New community spaces for Roxbury-Jamaica Plain, Allston, East Boston, and the Back Bay
Two parking spaces have been converted into outdoor “parklet” seating on Newbury Street in tandem with its Open Streets events, and a similar parklet is being designed for Egleston Square near the Washington Street – Boylston Street intersection in partnership with the Egleston Square Main Street local-merchant group. East Boston will see an outdoor cafe at the triangle plaza along Meridian Street at London Street sponsored by the Meridian Food Market, and Sammy Carlo’s Delicatessen will maintain the public outdoor cafe at Bennington and Moore Streets. Building on the success of newly installed street murals in Allston and Roslindale Square, a new mural designed in collaboration with residents will be installed in Egleston Square as well.

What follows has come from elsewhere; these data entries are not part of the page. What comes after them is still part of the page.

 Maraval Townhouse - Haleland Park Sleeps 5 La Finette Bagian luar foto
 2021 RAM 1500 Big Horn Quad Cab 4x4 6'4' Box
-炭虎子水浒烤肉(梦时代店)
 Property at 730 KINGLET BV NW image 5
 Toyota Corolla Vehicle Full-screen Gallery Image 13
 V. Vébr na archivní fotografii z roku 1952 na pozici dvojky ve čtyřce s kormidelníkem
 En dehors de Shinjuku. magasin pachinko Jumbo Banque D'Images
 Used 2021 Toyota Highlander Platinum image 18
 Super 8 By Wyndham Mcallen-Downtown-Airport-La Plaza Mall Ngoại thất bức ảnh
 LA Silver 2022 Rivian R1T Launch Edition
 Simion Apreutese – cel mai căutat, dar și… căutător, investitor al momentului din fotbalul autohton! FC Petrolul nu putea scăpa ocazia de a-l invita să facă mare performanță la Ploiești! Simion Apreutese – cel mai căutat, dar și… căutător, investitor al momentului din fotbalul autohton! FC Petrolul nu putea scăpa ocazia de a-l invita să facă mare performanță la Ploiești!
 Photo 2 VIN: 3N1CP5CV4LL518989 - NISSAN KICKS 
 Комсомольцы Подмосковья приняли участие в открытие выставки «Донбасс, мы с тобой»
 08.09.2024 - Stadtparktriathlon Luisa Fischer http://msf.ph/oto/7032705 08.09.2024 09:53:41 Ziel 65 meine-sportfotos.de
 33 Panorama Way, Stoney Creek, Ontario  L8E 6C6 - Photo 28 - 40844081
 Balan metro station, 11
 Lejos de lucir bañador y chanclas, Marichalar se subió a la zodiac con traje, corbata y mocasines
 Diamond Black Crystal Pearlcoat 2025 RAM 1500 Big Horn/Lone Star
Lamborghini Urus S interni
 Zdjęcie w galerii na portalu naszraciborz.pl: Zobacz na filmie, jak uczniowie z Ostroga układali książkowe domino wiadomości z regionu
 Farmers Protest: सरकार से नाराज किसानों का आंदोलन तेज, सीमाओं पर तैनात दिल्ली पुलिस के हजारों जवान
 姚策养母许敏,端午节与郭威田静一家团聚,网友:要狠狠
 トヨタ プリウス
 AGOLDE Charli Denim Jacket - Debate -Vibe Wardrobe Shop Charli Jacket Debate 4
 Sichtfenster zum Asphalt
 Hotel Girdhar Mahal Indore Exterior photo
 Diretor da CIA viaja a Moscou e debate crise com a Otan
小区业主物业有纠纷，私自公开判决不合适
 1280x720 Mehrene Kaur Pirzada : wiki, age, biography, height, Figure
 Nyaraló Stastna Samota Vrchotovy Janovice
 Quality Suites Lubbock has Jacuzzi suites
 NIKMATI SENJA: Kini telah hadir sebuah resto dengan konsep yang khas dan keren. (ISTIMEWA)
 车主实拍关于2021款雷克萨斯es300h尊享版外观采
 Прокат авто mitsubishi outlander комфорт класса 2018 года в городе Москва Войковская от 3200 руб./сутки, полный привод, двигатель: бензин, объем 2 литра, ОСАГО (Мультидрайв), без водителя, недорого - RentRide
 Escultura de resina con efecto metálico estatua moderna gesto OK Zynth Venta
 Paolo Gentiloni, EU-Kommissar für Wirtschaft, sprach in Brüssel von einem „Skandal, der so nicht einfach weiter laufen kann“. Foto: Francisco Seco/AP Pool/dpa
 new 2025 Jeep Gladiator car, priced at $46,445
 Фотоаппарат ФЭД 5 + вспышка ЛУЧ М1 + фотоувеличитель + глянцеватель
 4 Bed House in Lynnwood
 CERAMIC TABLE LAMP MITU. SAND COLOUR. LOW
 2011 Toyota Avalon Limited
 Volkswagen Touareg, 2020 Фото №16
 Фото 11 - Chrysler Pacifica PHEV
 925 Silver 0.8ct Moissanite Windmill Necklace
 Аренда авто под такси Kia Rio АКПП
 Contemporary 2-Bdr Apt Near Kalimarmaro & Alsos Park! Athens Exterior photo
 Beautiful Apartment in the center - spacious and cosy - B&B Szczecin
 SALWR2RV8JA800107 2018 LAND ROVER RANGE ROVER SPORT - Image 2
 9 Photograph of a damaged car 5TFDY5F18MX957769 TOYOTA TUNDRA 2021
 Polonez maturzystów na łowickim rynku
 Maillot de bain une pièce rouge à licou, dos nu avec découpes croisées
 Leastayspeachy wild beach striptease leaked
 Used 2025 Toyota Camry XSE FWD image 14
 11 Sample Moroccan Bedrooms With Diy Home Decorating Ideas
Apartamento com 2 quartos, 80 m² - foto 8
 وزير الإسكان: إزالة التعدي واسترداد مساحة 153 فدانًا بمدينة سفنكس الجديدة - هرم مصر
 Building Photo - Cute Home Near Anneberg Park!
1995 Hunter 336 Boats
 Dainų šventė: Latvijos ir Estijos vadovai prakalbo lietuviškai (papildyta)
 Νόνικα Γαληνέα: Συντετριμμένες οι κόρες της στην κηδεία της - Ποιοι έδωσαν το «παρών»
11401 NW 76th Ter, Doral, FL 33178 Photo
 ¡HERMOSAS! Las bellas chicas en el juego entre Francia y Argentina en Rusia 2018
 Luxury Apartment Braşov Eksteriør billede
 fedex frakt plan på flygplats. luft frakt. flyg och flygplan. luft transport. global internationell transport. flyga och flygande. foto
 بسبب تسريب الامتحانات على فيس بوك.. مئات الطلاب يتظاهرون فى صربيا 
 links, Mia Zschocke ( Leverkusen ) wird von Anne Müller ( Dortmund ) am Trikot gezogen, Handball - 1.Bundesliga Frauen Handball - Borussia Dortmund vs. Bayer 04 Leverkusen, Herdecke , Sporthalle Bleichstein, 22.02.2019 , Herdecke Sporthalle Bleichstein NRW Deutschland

A Better City’s Wicked Streets placemaking program supports the parklet in Egleston Square and outdoor cafes in East Boston.
Street mural on Franklin Street in Allston (Photo courtesy of Galen Mook)About Go Boston 2030
Go Boston 2030 is the City of Boston’s long term mobility plan. It envisions a city in a region where all residents have better and more equitable travel choices, where efficient transportation networks foster economic opportunity, and where steps have been taken to prepare for climate change. Whether raveling by transit, on foot, on a bike or by car, people will be able to access all parts of Boston safely and reliably. A list of projects and policies have been developed that are being implemented as early action projects in the near term, and a set of long term projects and policies are intended to be implemented over the next 15 years.